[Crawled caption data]
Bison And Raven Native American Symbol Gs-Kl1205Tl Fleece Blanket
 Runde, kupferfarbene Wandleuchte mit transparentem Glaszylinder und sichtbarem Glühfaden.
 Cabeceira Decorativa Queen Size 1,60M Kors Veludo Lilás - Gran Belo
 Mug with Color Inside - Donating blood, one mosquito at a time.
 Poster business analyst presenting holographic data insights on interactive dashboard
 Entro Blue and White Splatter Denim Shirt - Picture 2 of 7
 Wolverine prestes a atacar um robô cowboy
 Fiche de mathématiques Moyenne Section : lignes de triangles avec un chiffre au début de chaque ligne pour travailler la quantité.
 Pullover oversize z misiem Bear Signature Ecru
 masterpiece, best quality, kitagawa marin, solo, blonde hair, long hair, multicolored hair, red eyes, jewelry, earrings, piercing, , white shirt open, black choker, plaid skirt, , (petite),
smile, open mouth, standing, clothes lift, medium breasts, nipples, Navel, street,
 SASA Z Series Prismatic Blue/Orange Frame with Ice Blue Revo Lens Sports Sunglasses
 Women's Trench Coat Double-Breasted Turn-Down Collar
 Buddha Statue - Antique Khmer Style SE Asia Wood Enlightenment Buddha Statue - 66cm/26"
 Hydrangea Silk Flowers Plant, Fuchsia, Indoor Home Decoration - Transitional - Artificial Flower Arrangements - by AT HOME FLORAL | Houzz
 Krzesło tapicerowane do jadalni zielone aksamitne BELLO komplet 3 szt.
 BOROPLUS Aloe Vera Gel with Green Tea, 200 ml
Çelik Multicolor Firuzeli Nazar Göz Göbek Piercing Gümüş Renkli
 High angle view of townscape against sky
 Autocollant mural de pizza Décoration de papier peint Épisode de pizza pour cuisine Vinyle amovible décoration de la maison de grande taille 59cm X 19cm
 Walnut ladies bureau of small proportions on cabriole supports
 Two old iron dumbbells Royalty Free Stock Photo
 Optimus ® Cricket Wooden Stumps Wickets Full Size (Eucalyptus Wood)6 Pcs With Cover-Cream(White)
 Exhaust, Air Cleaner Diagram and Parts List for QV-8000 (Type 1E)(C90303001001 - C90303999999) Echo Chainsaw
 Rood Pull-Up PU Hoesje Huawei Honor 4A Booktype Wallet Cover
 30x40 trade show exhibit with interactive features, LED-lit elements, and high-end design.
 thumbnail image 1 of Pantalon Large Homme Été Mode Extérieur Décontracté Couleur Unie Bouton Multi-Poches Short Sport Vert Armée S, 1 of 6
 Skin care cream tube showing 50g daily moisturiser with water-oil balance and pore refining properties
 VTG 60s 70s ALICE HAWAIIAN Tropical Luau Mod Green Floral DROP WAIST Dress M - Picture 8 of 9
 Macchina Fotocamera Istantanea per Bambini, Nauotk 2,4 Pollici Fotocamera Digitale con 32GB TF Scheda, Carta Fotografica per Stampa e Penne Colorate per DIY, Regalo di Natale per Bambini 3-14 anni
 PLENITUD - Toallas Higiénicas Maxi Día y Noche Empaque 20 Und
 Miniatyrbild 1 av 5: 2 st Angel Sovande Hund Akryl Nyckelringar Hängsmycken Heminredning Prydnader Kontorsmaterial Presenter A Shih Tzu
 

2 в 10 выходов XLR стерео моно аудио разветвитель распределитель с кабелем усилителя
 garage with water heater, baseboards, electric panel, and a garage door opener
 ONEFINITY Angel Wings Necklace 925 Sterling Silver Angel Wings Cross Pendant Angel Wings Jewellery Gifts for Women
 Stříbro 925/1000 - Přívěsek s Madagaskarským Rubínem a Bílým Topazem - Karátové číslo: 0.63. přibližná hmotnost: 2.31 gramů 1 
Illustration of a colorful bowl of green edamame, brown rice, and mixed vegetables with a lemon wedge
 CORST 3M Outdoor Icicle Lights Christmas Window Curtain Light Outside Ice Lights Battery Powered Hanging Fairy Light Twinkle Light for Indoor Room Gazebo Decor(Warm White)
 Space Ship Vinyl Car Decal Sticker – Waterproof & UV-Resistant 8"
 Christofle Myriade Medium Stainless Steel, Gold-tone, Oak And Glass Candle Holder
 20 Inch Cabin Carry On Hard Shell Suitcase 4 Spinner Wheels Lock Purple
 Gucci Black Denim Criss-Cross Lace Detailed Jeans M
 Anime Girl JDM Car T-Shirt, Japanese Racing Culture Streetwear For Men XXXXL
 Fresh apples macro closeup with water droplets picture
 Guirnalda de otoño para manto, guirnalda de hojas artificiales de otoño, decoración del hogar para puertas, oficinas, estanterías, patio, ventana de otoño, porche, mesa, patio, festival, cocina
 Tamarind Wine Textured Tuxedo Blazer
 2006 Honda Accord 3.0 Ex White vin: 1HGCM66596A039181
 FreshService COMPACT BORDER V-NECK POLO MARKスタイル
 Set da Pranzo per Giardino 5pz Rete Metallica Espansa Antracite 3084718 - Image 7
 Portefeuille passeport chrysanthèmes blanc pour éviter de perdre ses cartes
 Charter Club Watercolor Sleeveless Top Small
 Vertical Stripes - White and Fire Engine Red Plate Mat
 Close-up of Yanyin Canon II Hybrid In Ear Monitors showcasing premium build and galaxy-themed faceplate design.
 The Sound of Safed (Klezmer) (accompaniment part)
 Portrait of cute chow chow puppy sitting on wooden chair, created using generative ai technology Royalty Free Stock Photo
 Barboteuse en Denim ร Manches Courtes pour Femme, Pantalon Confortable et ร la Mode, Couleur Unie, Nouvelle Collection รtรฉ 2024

Task directions: For this exercise, output all the data exactly as shown above.

Solution to this task:
Bison And Raven Native American Symbol Gs-Kl1205Tl Fleece Blanket
 Runde, kupferfarbene Wandleuchte mit transparentem Glaszylinder und sichtbarem Glühfaden.
 Cabeceira Decorativa Queen Size 1,60M Kors Veludo Lilás - Gran Belo
 Mug with Color Inside - Donating blood, one mosquito at a time.
 Poster business analyst presenting holographic data insights on interactive dashboard
 Entro Blue and White Splatter Denim Shirt - Picture 2 of 7
 Wolverine prestes a atacar um robô cowboy
 Fiche de mathématiques Moyenne Section : lignes de triangles avec un chiffre au début de chaque ligne pour travailler la quantité.
 Pullover oversize z misiem Bear Signature Ecru
 masterpiece, best quality, kitagawa marin, solo, blonde hair, long hair, multicolored hair, red eyes, jewelry, earrings, piercing, , white shirt open, black choker, plaid skirt, , (petite),
smile, open mouth, standing, clothes lift, medium breasts, nipples, Navel, street,
 SASA Z Series Prismatic Blue/Orange Frame with Ice Blue Revo Lens Sports Sunglasses
 Women's Trench Coat Double-Breasted Turn-Down Collar
 Buddha Statue - Antique Khmer Style SE Asia Wood Enlightenment Buddha Statue - 66cm/26"
 Hydrangea Silk Flowers Plant, Fuchsia, Indoor Home Decoration - Transitional - Artificial Flower Arrangements - by AT HOME FLORAL | Houzz
 Krzesło tapicerowane do jadalni zielone aksamitne BELLO komplet 3 szt.
 BOROPLUS Aloe Vera Gel with Green Tea, 200 ml
Çelik Multicolor Firuzeli Nazar Göz Göbek Piercing Gümüş Renkli
 High angle view of townscape against sky
 Autocollant mural de pizza Décoration de papier peint Épisode de pizza pour cuisine Vinyle amovible décoration de la maison de grande taille 59cm X 19cm
 Walnut ladies bureau of small proportions on cabriole supports
 Two old iron dumbbells Royalty Free Stock Photo
 Optimus ® Cricket Wooden Stumps Wickets Full Size (Eucalyptus Wood)6 Pcs With Cover-Cream(White)
 Exhaust, Air Cleaner Diagram and Parts List for QV-8000 (Type 1E)(C90303001001 - C90303999999) Echo Chainsaw
 Rood Pull-Up PU Hoesje Huawei Honor 4A Booktype Wallet Cover
 30x40 trade show exhibit with interactive features, LED-lit elements, and high-end design.
 thumbnail image 1 of Pantalon Large Homme Été Mode Extérieur Décontracté Couleur Unie Bouton Multi-Poches Short Sport Vert Armée S, 1 of 6
 Skin care cream tube showing 50g daily moisturiser with water-oil balance and pore refining properties
 VTG 60s 70s ALICE HAWAIIAN Tropical Luau Mod Green Floral DROP WAIST Dress M - Picture 8 of 9
 Macchina Fotocamera Istantanea per Bambini, Nauotk 2,4 Pollici Fotocamera Digitale con 32GB TF Scheda, Carta Fotografica per Stampa e Penne Colorate per DIY, Regalo di Natale per Bambini 3-14 anni
 PLENITUD - Toallas Higiénicas Maxi Día y Noche Empaque 20 Und
 Miniatyrbild 1 av 5: 2 st Angel Sovande Hund Akryl Nyckelringar Hängsmycken Heminredning Prydnader Kontorsmaterial Presenter A Shih Tzu
 

2 в 10 выходов XLR стерео моно аудио разветвитель распределитель с кабелем усилителя
 garage with water heater, baseboards, electric panel, and a garage door opener
 ONEFINITY Angel Wings Necklace 925 Sterling Silver Angel Wings Cross Pendant Angel Wings Jewellery Gifts for Women
 Stříbro 925/1000 - Přívěsek s Madagaskarským Rubínem a Bílým Topazem - Karátové číslo: 0.63. přibližná hmotnost: 2.31 gramů 1 
Illustration of a colorful bowl of green edamame, brown rice, and mixed vegetables with a lemon wedge
 CORST 3M Outdoor Icicle Lights Christmas Window Curtain Light Outside Ice Lights Battery Powered Hanging Fairy Light Twinkle Light for Indoor Room Gazebo Decor(Warm White)
 Space Ship Vinyl Car Decal Sticker – Waterproof & UV-Resistant 8"
 Christofle Myriade Medium Stainless Steel, Gold-tone, Oak And Glass Candle Holder
 20 Inch Cabin Carry On Hard Shell Suitcase 4 Spinner Wheels Lock Purple
 Gucci Black Denim Criss-Cross Lace Detailed Jeans M
 Anime Girl JDM Car T-Shirt, Japanese Racing Culture Streetwear For Men XXXXL
 Fresh apples macro closeup with water droplets picture
 Guirnalda de otoño para manto, guirnalda de hojas artificiales de otoño, decoración del hogar para puertas, oficinas, estanterías, patio, ventana de otoño, porche, mesa, patio, festival, cocina
 Tamarind Wine Textured Tuxedo Blazer
 2006 Honda Accord 3.0 Ex White vin: 1HGCM66596A039181
 FreshService COMPACT BORDER V-NECK POLO MARKスタイル
 Set da Pranzo per Giardino 5pz Rete Metallica Espansa Antracite 3084718 - Image 7
 Portefeuille passeport chrysanthèmes blanc pour éviter de perdre ses cartes
 Charter Club Watercolor Sleeveless Top Small
 Vertical Stripes - White and Fire Engine Red Plate Mat
 Close-up of Yanyin Canon II Hybrid In Ear Monitors showcasing premium build and galaxy-themed faceplate design.
 The Sound of Safed (Klezmer) (accompaniment part)
 Portrait of cute chow chow puppy sitting on wooden chair, created using generative ai technology Royalty Free Stock Photo
 Barboteuse en Denim ร Manches Courtes pour Femme, Pantalon Confortable et ร la Mode, Couleur Unie, Nouvelle Collection รtรฉ 2024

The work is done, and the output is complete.